Existing VA practice, patterns and outcomes

Both VA [7, 2022] and non-VA [2325] studies have found low rates of metabolic monitoring among patients treated with antipsychotics. Surprisingly, there are no published studies that examine the rates for management of metabolic side-effects that develop in the context of newly-initiated antipsychotic treatment or antipsychotic medication changes, although substantial improvement is likely needed in these practices as well. In a recent study of 32 VA facilities, metabolic monitoring frequency was greater at baseline (i.e., within 30 days before to 30 days after the new prescription date) than at initial follow-up (i.e., 60 to 120 days after prescription date), although at both times monitoring was low. For example, baseline monitoring rates compared to follow-up rates were 67% versus 49% for weight, 46% versus 27% for glucose or hemoglobin A1c, and 32% versus 16% for LDL [20].
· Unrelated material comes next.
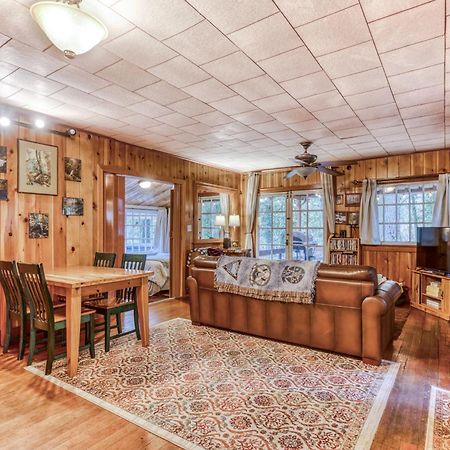 The Cedars Cabin Welches Luaran gambar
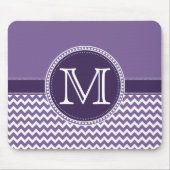 Lila und weiße Zickzack Zigzag Monogram Wedding Mousepad (Vorne)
Preliminary studies and related developments

A previous project, ‘A Study of Strategies for Improving Schizophrenia Treatment (ASSIST),’ compared the effectiveness of two strategies aimed at improving medication management for schizophrenia – a team-based quality improvement strategy (Team QI) and a strategy involving a single clinical opinion leader (OL) at six sites in two Veterans Integrated Service Networks (VISNs). Both strategies were aided by an evidence-based QI (EBQI) approach and external facilitation (EBQI/F). While both Team QI and OL strategies resulted in improvements in metabolic monitoring rates at the time of a new antipsychotic prescription, neither strategy was clearly superior to the other. The study suggested that: designating a provider or clinic to ensure completion of monitoring, and implementing a computer routine that queried the VA electronic medical record to identify patients due for monitoring were effective QI components.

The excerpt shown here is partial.